• _Aim of the task_
Search the data for the string "image" and copy each line in which it appears.
═══ Input ═══
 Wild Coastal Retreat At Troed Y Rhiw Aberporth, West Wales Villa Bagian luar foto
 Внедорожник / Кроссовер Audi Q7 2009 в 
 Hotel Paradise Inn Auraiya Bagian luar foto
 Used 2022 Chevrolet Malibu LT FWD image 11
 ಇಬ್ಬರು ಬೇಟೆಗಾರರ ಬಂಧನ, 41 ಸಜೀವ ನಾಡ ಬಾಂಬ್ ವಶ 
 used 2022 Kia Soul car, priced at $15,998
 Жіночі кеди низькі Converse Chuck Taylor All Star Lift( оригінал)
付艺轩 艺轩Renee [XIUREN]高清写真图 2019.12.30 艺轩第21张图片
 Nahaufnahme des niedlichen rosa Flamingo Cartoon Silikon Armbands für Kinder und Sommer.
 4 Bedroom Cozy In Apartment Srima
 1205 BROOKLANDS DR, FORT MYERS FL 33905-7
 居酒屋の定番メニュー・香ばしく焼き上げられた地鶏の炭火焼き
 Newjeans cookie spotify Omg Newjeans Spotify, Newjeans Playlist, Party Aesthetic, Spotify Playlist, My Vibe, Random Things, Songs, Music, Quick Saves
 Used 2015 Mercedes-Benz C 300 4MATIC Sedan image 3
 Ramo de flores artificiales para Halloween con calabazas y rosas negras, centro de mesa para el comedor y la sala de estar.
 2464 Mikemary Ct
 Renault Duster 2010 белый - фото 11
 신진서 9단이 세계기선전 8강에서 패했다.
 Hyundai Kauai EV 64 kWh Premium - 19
═══
• _Result of this task_
 Used 2022 Chevrolet Malibu LT FWD image 11
 Used 2015 Mercedes-Benz C 300 4MATIC Sedan image 3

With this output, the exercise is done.